Nous avons beau essayer des recensements par la bonne volonté de certains acteurs, cela ne pourra jamais remplacer un inventaire qui sera décidé d’un commun accord. Et je pense que, dans le cadre de la commission mixte entre la France et le Bénin, nous allons déclencher un vrai inventaire. C’est une chose que nous prenons très au sérieux.

Selon le directeur du musée d’Abomey, il y a eu quelque 300 vols dans son musée ces dernières années. Alors, concrètement, est-ce que le musée d’Abomey va continuer de fonctionner avec seulement sept gardiens ?

Oui, j’ai déjà entendu cela. Vous avez bien dit tout à l’heure « ces dernières années ». Il ne vous a pas dit que cela s’est passé il y a quelques semaines ou il y a quelques mois. Des dispositions sont prises. Nous avons un comité de haut niveau qui est mis en place, présidé par un ancien directeur général adjoint de l’Unesco qui est Béninois, Nouréini Tidjani-Serpos. Donc, je peux vous dire que le musée d’Abomey tel que vous le voyez aujourd’hui va changer. Parce qu’il est prévu de bâtir un nouveau musée et c’est une priorité pour nous, dans cette démarche de restitution de biens et de coopération muséale.

Vous avez déjà chiffré l’effort budgétaire qui est nécessaire ?

Je peux vous dire que plusieurs millions d’euros ont été prévus, déjà affectés sur nos propres ressources pour la construction desdits musées. Les maquettes sont prêtes et nous serons heureux de vous montrer un peu tout cela.

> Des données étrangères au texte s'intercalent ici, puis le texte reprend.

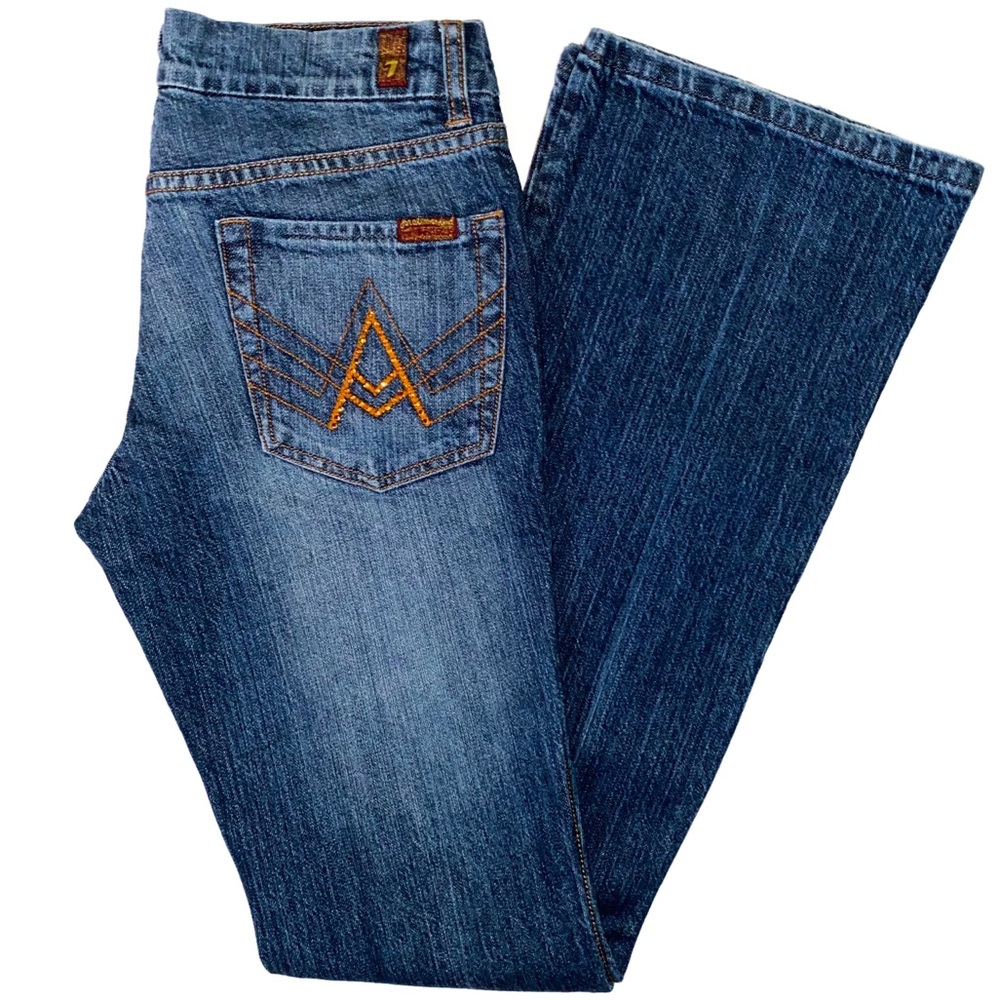 7 For All Mankind ‘A’ Pocket Bootcut Jeans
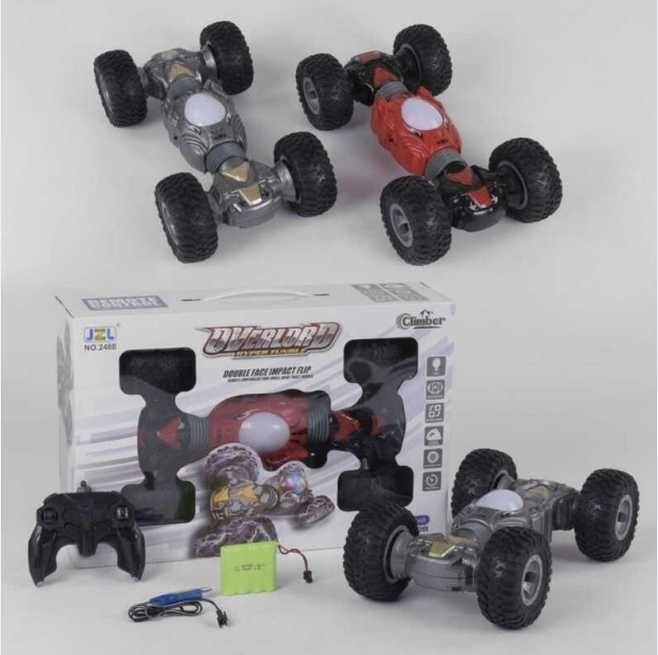 Машинка-трансформер перевёртыш 40 см. Overlord Hyper Tumble 2488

Il n’y a pas que les quelque 70 000 pièces du quai Branly à Paris. Il y a les 70 000 autres pièces du British Museum à Londres, sans parler des pièces exposées à Berlin ou à Bruxelles, au musée Tervuren. Est-ce que vos partenaires africains et vous avez fait des démarches auprès de ces institutions et des Etats concernés ?

Il y a un certain nombre d’actions qui sont en cours dont je ne peux révéler encore les détails, puisque ce sont des discussions qui auront lieu parfois entre Etats ou parfois entre les institutions privées ou semi-privées. Je peux vous dire qu’il y en a même en Italie des caisses qui ont été rapportées par Savorgnan de Brazza et qui ne sont pas encore totalement ouvertes. Nous commençons par la France. Vous savez que certaines congrégations missionnaires conservent certains biens qui ont été arrachés dans le cadre d’une démarche de conversion religieuse, alors que c’était tout simplement des œuvres culturelles. Donc la France a le mérite d’être précurseur dans ce domaine. Je crois qu’Emmanuel Macron a eu le courage de poser l’acte qu’il a posé au mois de novembre 2017 à Ouagadougou et là, maintenant, cela ouvra la voie à un dialogue responsable.